:: Action item ::
Exact reproduction is needed for the lines from the one with "Welcome Floral Door" to the end of the listing below, and for no other lines.

+++ Given data +++

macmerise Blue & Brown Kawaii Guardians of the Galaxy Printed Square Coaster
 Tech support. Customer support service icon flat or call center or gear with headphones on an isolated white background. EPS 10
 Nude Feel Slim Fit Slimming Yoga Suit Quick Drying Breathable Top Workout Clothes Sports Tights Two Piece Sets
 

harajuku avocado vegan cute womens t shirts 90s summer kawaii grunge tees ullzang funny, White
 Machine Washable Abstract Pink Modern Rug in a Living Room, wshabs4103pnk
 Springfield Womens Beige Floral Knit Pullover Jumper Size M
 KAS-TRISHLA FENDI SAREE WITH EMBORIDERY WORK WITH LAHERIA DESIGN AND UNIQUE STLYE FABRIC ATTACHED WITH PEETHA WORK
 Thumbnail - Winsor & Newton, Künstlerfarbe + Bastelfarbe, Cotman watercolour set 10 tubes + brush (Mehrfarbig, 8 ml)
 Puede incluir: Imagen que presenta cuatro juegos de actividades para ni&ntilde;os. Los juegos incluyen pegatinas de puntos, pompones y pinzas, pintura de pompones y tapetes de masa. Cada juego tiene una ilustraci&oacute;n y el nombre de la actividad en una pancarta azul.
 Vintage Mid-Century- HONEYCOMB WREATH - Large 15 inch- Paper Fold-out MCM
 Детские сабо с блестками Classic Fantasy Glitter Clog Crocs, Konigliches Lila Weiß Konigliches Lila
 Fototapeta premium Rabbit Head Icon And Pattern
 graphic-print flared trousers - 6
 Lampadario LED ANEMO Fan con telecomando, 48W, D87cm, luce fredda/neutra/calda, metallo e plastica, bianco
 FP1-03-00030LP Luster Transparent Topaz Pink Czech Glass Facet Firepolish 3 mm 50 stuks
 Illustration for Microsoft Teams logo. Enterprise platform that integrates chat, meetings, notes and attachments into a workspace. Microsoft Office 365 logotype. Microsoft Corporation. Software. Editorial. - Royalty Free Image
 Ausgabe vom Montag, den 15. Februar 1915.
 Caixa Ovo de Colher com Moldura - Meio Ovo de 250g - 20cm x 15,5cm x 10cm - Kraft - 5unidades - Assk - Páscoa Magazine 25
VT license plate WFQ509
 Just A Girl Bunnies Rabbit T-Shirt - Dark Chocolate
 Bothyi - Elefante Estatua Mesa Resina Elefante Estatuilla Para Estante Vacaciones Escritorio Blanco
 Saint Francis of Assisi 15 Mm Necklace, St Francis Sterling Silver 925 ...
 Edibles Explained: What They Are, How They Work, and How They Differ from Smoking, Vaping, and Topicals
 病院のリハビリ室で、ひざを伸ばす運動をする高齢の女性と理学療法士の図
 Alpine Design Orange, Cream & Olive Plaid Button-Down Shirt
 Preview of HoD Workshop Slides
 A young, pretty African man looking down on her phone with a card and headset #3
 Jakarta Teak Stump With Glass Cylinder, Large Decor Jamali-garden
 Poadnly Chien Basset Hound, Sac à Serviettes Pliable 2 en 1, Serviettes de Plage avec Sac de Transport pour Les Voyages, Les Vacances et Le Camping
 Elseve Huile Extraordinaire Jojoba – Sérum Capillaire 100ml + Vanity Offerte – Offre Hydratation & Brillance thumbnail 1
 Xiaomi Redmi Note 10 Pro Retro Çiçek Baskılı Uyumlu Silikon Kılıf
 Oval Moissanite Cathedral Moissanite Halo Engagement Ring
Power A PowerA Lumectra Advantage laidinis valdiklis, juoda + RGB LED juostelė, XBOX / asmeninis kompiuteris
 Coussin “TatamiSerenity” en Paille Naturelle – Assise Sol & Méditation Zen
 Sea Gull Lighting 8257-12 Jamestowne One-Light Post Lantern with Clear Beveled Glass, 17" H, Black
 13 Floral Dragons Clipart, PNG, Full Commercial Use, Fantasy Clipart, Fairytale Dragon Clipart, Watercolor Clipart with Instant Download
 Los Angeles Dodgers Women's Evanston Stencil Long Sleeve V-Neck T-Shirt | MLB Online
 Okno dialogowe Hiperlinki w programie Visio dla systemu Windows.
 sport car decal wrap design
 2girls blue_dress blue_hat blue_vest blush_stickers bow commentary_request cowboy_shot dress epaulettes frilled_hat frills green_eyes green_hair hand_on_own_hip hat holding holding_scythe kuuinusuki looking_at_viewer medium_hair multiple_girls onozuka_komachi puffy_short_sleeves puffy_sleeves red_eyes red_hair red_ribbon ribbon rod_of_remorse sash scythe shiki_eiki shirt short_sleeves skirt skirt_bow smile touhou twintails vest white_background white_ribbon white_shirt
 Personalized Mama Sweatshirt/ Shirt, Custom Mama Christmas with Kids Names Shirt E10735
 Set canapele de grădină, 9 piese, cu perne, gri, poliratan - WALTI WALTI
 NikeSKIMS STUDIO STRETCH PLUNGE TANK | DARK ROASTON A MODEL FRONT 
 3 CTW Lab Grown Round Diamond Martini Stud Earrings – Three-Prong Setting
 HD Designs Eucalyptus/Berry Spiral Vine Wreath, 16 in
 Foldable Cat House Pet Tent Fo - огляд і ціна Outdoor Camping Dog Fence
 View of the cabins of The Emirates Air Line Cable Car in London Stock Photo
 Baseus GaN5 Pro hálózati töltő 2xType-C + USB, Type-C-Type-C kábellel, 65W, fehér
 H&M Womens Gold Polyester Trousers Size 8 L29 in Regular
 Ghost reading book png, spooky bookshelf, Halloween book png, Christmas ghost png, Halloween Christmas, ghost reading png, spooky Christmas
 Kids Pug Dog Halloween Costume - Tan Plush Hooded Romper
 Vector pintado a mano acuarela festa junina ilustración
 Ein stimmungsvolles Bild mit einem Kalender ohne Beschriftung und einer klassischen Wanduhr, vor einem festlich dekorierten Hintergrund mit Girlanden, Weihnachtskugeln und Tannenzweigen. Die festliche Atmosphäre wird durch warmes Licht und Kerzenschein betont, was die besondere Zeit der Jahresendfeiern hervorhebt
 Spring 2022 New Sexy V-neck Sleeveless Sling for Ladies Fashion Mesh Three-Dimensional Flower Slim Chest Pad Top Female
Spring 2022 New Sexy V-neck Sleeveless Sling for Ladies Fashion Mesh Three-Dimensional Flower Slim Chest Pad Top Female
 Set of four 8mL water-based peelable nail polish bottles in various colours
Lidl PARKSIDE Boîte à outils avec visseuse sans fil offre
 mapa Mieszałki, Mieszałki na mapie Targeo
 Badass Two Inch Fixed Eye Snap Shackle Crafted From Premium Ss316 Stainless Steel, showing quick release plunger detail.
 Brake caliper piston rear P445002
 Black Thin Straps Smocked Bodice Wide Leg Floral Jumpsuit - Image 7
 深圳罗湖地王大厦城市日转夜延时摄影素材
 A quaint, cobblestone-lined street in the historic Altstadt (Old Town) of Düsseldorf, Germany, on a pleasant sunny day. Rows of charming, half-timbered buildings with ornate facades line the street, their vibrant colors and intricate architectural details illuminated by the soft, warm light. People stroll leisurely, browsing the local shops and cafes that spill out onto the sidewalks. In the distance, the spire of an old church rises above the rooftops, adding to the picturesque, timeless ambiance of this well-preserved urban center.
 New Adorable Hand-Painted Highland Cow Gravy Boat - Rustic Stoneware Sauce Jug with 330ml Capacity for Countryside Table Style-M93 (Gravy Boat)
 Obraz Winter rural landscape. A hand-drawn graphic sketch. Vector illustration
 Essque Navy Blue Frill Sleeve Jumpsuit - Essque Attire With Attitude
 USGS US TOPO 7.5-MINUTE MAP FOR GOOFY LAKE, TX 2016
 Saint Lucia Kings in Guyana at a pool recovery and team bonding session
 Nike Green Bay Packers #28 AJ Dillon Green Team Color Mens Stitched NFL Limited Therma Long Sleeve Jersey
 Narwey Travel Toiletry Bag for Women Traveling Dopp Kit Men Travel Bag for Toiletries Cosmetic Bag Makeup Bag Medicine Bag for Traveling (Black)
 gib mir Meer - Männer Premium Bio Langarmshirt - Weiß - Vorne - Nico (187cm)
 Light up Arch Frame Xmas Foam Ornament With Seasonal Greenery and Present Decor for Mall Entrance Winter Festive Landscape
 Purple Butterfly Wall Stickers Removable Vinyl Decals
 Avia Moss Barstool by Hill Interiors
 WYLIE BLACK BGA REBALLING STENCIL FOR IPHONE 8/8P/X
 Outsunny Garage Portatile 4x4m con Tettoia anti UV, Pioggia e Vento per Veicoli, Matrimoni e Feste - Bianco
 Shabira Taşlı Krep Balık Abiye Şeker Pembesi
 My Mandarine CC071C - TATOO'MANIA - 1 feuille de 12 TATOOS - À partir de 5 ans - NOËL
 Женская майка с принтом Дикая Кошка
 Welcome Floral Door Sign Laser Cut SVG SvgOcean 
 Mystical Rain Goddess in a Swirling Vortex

+++

:: Response ::
 Welcome Floral Door Sign Laser Cut SVG SvgOcean 
 Mystical Rain Goddess in a Swirling Vortex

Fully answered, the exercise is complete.